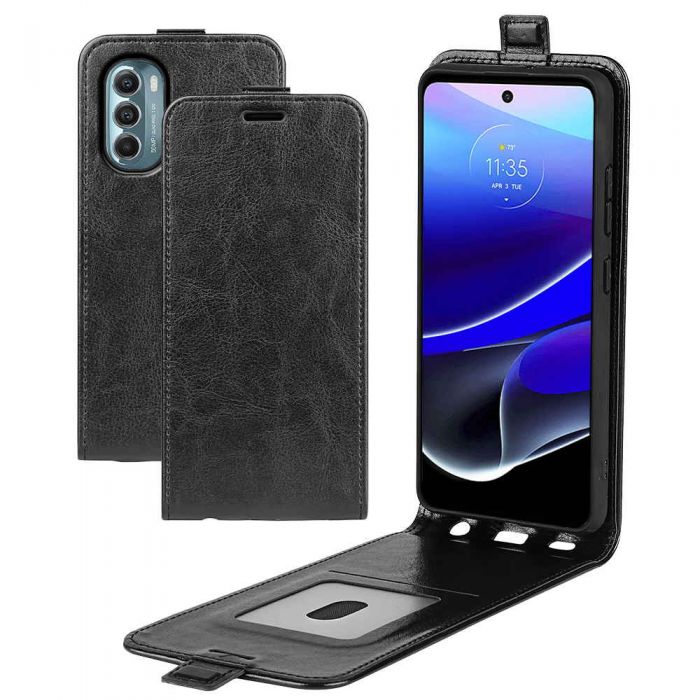 High quality product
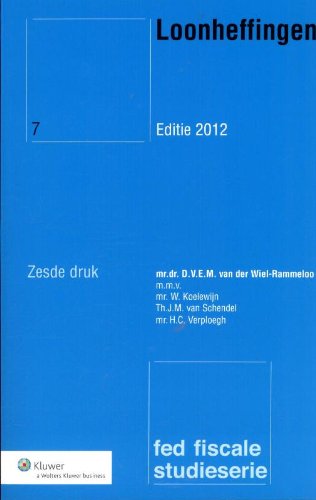 2012 (Loonheffingen)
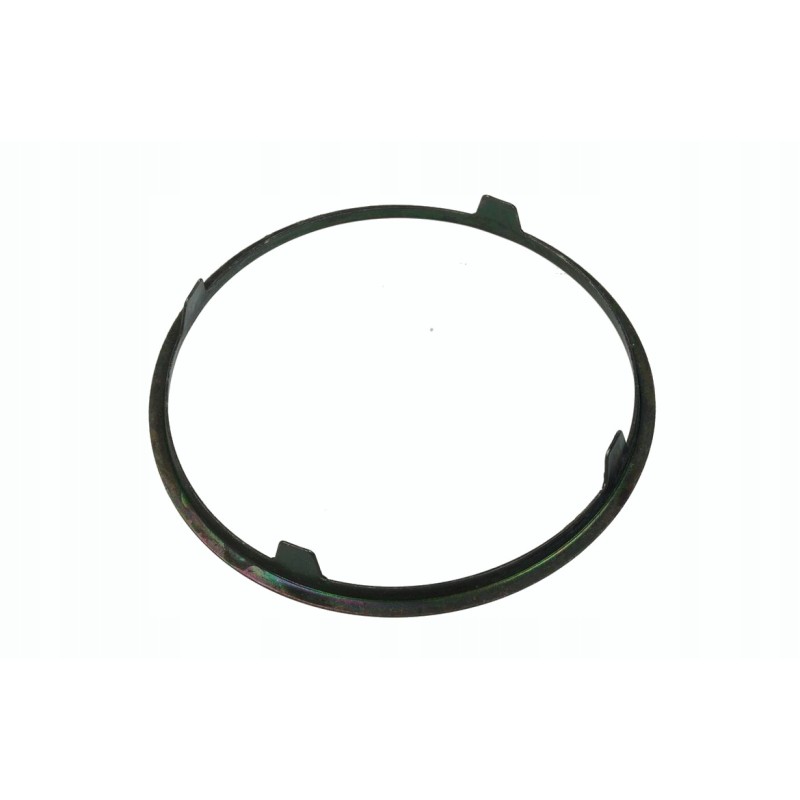 Sealing ring new holland case 5108700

◇ ◇ ◇ ◇ ◇

→ THE TASK: In the answer, all of the material should appear exactly as given, with no picture carried over.

→ SOLUTION TO THE EXERCISE:
 High quality product
 2012 (Loonheffingen)
 Sealing ring new holland case 5108700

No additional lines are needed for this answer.